### Data to process
-------------------------

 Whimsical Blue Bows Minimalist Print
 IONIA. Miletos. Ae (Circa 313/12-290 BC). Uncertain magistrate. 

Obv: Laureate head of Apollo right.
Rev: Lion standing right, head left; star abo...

-------------------------

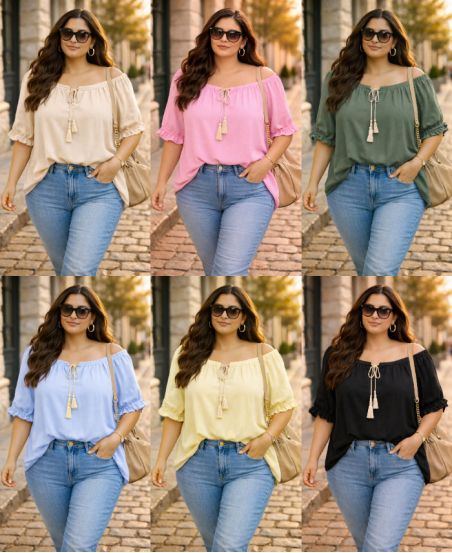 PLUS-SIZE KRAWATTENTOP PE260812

-------------------------

Return the span of lines in the data above that opens at the line with "Whimsical Blue Bows Minimalist Print" and closes at the line with "Rev: Lion standing", exactly, ends included, nothing else.

### Task result
 Whimsical Blue Bows Minimalist Print
 IONIA. Miletos. Ae (Circa 313/12-290 BC). Uncertain magistrate. 

Obv: Laureate head of Apollo right.
Rev: Lion standing right, head left; star abo...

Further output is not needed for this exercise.